D. Luiz Lisboa defende um debate "sério" sobre a exploração dos recursos naturais e os custos que isso acarreta, pedindo que todos leiam a encíclica "Laudato Sí" do Papa Francisco sobre este tema.
"Fala-se muito, há muita retórica, mas penso que essas falas e essas boas intenções estão, pouco a pouco, a tornar-se num apoio concreto", defendeu o bispo de Pemba em relação ao papel de Portugal, mencionando por exemplo aquilo que os eurodeputados portugueses têm feito, a visita do deputado do PSD, António Maló de Abreu, à região ou a do ministro da Defesa, João Gomes Cravinho, a Moçambique.
O governo moçambicano, que o bispo diz que no início do conflito procurou manter o segredo sobre o que se passava, já pediu ajuda internacional em três áreas: de formação dos militares (na qual Portugal vai ajudar), no fornecimento de material e na assistência humanitária.

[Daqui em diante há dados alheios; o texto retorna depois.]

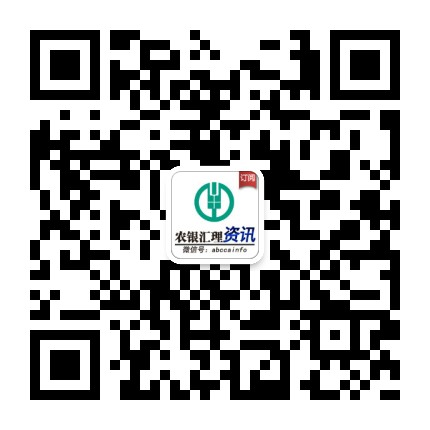 农银汇理资讯 破冰一夏爽翻天 互动抽奖赢取微信红包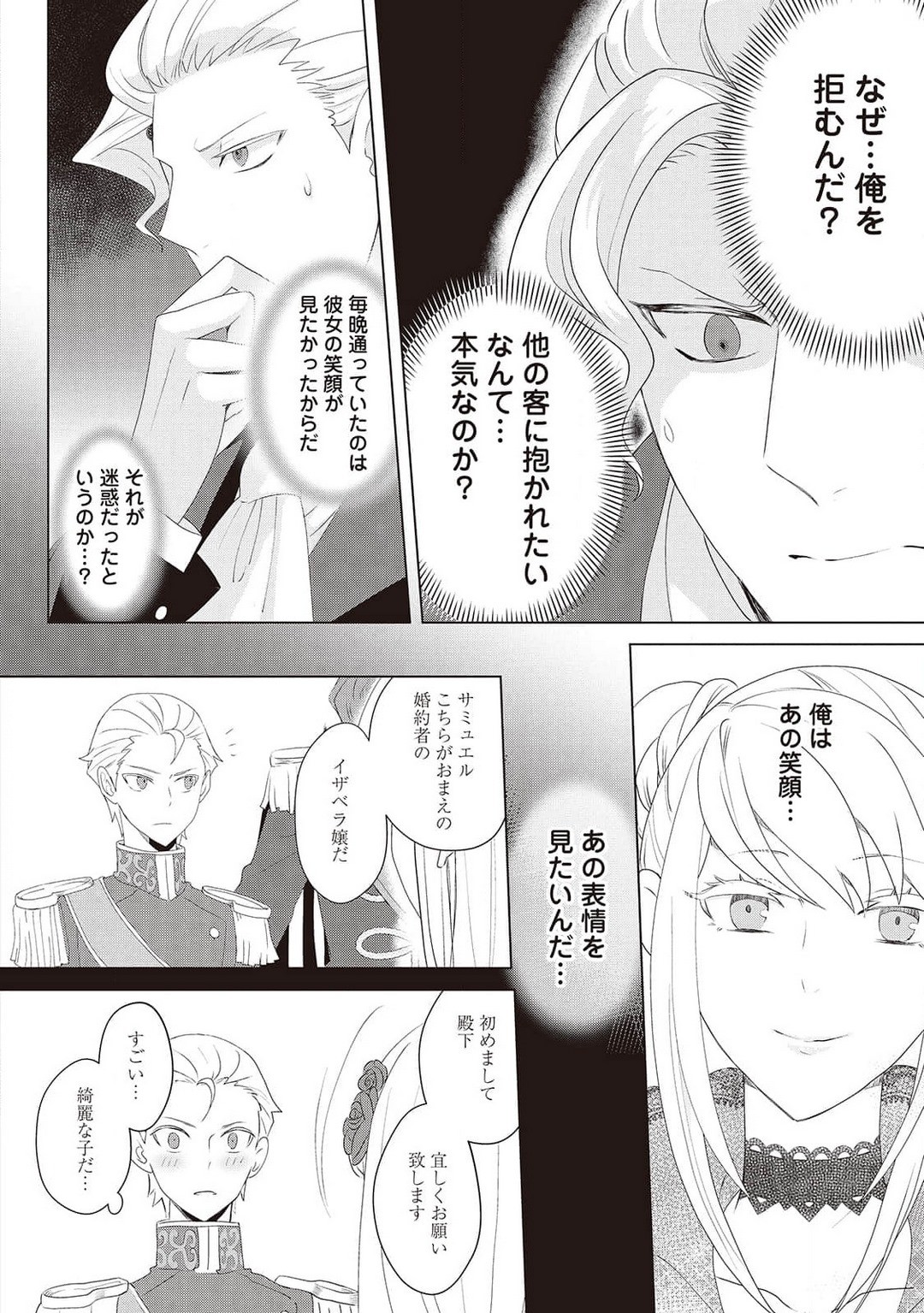 Page 313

D. Luiz Lisboa acredita contudo que seria melhor uma intervenção militar externa. "As nossas forças de Defesa, com toda a boa vontade que têm e todo o efetivo que possam ter, não conseguiram ainda conter a situação, a guerra continua. Falta-nos um sistema de inteligência mais forte", refere, dizendo que já leu na imprensa que o governo moçambicano já estar a procurar ajuda de grupos privados sul-africanos, o que terá custos elevados para o país.

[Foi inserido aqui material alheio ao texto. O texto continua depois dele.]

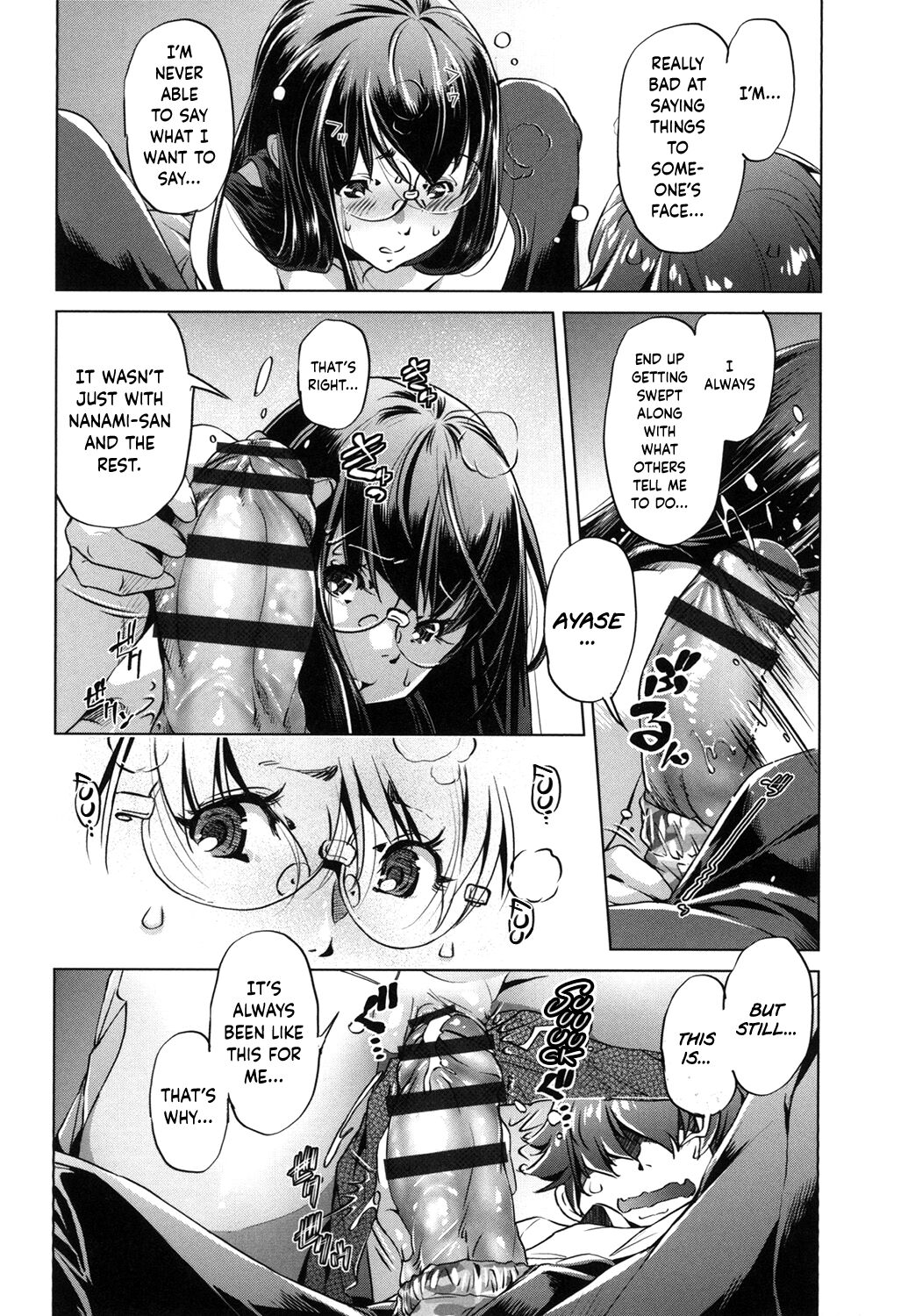 Eroge Master no Ore ga Sanjigen Kouryaku ni Honki o Dashita Ken page 59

A província de Cabo Delgado está desde há mais de três anos sob ataque de insurgentes e algumas das incursões passaram a ser reivindicadas desde 2019 pelo grupo 'jihadista' Al Shabab, que jurou fidelidade ao Estado Islâmico. A violência está a provocar uma crise humanitária com mais de 2400 mortes e 560 mil pessoas deslocadas, sem habitação, nem alimentos, concentrando-se sobretudo na capital provincial, Pemba.
Mas é também em Cabo Delgado, no norte de Moçambique, que se encontram as maiores reservas de gás natural de África. "Para mim, o principal motivo do conflito é económico", disse, lembrando que apesar de o grupo de apresentar desde o início do ano como sendo do Estado Islâmico, os próprios muçulmanos da região os rejeitam e as mesquitas são um alvo tanto quanto as igrejas católicas.
Sobre a possibilidade de diálogo com os insurgentes, diz que não vê como. "Não aparece um líder, não há com quem dialogar", referiu.
O Gabinete de Coordenação para os Assuntos Humanitários da ONU (OCHA), nas suas projeções para 2021, indica que há mais de 500 mil deslocados e 900 mil pessoas sob a ameaça da insegurança alimentar em Cabo Delgado.
A OCHA estima que vai precisar de 254,4 milhões de dólares para dar resposta às 1,1 milhões de pessoas necessitadas no país. É sete vezes mais aquilo que tinha sido pedido para este ano (35,5 milhões de dólares), sendo que mesmo este só 65% foi coberto.
Apesar de estar cheia de recursos naturais (além do gás natural, as madeiras, os rúbis, a grafite), a população de Cabo Delgado é muito pobre. "Em Moçambique havia e há assimetrias que têm que ser corrigidas, porque o país é um todo. Quando parte da sociedade é deixada à margem, na periferia, a sociedade não está bem. E Cabo Delgado foi deixado de lado durante muito tempo", referiu o bispo.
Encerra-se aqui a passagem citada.